Pieridae Energy Looks East After Cancelling Western Pipeline Plan

Pieridae Energy Limited is looking once more at sourcing gas in the Maritimes after cancelling plans to supply its proposed 10 million tonnes-per-year LNG export terminal at Goldboro with western Canadian natural gas, says the company’s CEO Alfred Sorensen.

“It’s a change back to where we started, I suppose, is a better way of putting it … because there is no political or practical support from [TC Energy Corporation] or the federal government to resolve the pipeline issues,” Sorensen said.

“We had already begun to scale the project back just because the larger pipeline expansion was obviously not going to be in the works. And given how expensive it was becoming, it was going to be prohibitive to move gas across the country.”
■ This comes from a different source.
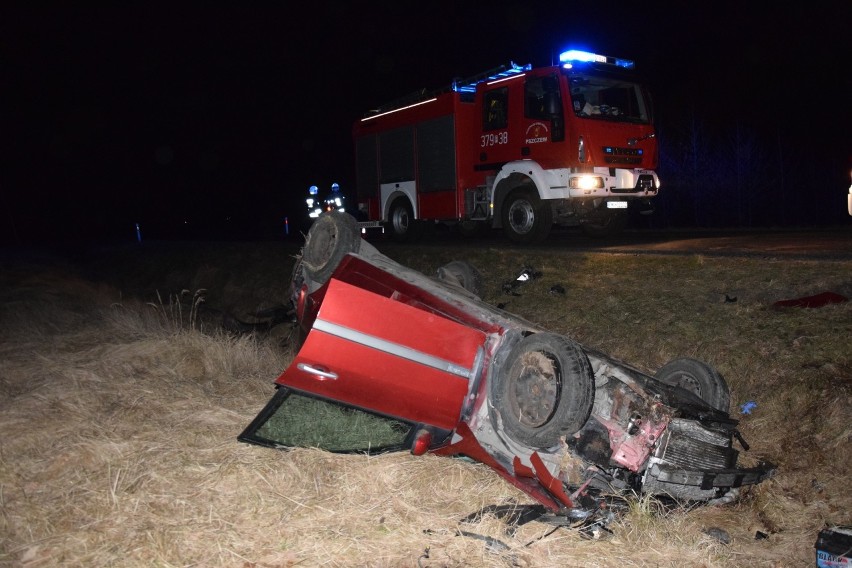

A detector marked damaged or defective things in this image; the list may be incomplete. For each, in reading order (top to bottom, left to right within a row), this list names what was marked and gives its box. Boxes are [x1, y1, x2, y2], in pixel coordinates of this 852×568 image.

He added that the original project eight years ago was meant to use eastern Canadian natural gas sources.

Sorensen said they revisited the option following an approach by the Nova Scotia and New Brunswick provincial governments. He said Pieridae is waiting for the provinces to look at what they’re going to do with their ban on multi-stage fracking.

“There is some real interest to restart the natural gas side of the resource development, the original supply source for the project,” Sorensen said.

"It’s obviously much closer [to Goldboro]. You don’t have to go through the whole process of building a pipeline, but upgrading the pipeline because there’s substantial capacity on Maritimes & Northeast [Pipeline] right now.

“We have just updated our construction costs and in today’s environment it’s certainly very economic, but you’ve still got to get the gas from A to B.”

Overcoming missed opportunities

Pieridae missed the window of opportunity of the last three years after the COVID-19 pandemic changed the value of energy, Sorensen said. There had been no new production coming on, which increased the price of international gas, and with the invasion of Ukraine, it had intensified.

“With a long-term price in around $14 or $15, which is where European and Asian prices sit today, we can build a fairly economic project, but we had to have some degree of pipeline certainty,” Sorensen said.

“And you’ve only had to see what’s happened both with Coastal GasLink and with TMX, how the cost structure has gone out of control, and certainly the project could not afford to pay for that, so that’s really the fundamental issue.”

Significant potential of Moncton Subbasin

Sorensen said Pieridae shares control of a “very significant land base” concentrated east of Moncton in the Moncton Subbasin

“It’s potentially a very prolific natural gas reservoir with well over three to five tcf of gas in place, which sounds like a lot of gas, and recoverable it is probably quite a bit less than that. But it would still be in the range of about 200 to 250 million [cubic feet] a day,” he said.

Pieridae is looking at recent technological innovations in fracking to see how to minimize potential environmental impact.

“That’s what we're trying to figure out right now,” Sorensen said.

“Some of the biggest issues, when you talk about fracking, is obviously use of water and being able to minimize that, and looking at more pad-type drilling rigs so that you disturb a smaller footprint than you would've in the past.”

With that in mind, the company would also like to see any needed construction process lowered from five to six years to around three years.

If everything comes together, Sorensen says the company could be exporting LNG from Goldboro as early as late 2027 or early 2028, “if we can get started this year.”